Reducing Power Hot Spots through RTL optimization techniques

By Supriya Unnikrishnan and Sujith Mathew Iype (Ignitarium Technology Solutions)

With the tremendous increase in the intelligence added to various consumer and professional devices, the applications are turning more data-centric and computation intensive. From the IC design perspective, this enhances the already existing challenge of power vs area trade-off. Power Analysis is not a new terminology in the semiconductor design cycle. But there is a difference in opinion regarding the most efficient phase of the design cycle for power analysis. An architecture phase will be too early, and physical design phase will be too late for the power estimation. Of late, there is a tendency to analyze power hot spots during the RTL phase of the project. RTL based power analysis is faster and easier to perform and has a shorter iteration time than the analysis at later stages. This article addresses some of the power optimization techniques applied at the RTL level.

A radical increase in battery-driven consumer appliances made power optimization an essential feature in most systems on chips (SoC). In the early phases of the VLSI industry, power analysis was considered a back-end activity where the front-end design interactions and contributions were minimal.

But as the chip complexity increases, with different power and voltage domains, it became mandatory to move power analysis to the front-end phase to ensure proper estimation and optimization. The power figures are so competitive that optimization only at the back-end phase falls short of the requirement. Also, the dynamic power calculation depends very much on the input vector driven to the SoC; hence, analysis with functional verification vector input appears mandatory. Thus, the industry started doing power analysis at the RTL phase.

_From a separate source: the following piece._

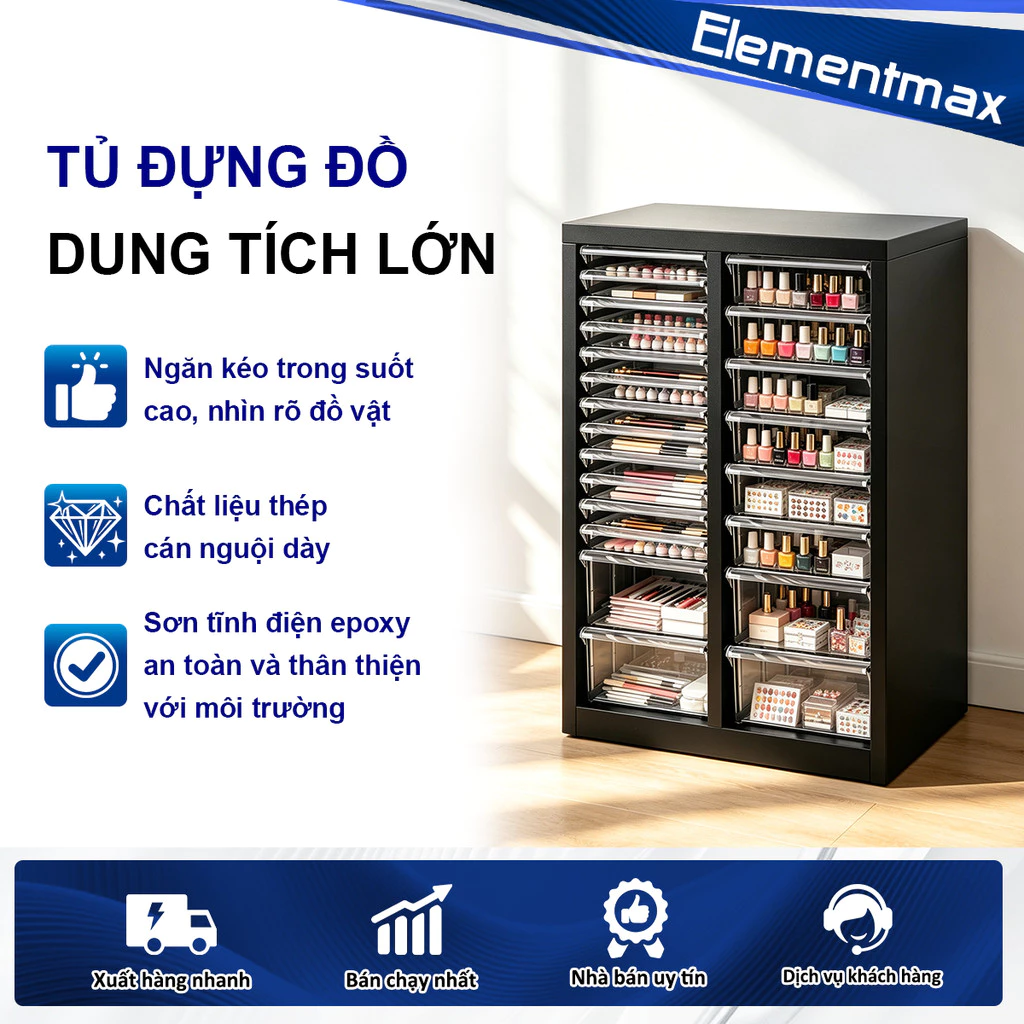 Tủ thép ngăn kéo đa tầng – bàn trang điểm, tủ hồ sơ, tủ đựng sơn gel và mỹ phẩm cho tiệm nail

There is scope for power optimization at different stages of ASIC design. System partitioning into power and voltage domains is done at the architecture phase. Defining power modes like active and hibernation allows optimization even with a single voltage domain. Power gating the circuitry except for wake-up logic while the processor is in hibernation mode reduces power wastage. These are some of the conventional approaches applied for power reduction. In multi-core processor designs, multiple voltage domains allow the supply voltage to each core to be controlled based on the workload. A core operating at higher voltage operates at a higher frequency, whereas a core applied with lower voltage can use lower frequency. The memory organization and module level clock gating is another area where architecture level optimization is applied.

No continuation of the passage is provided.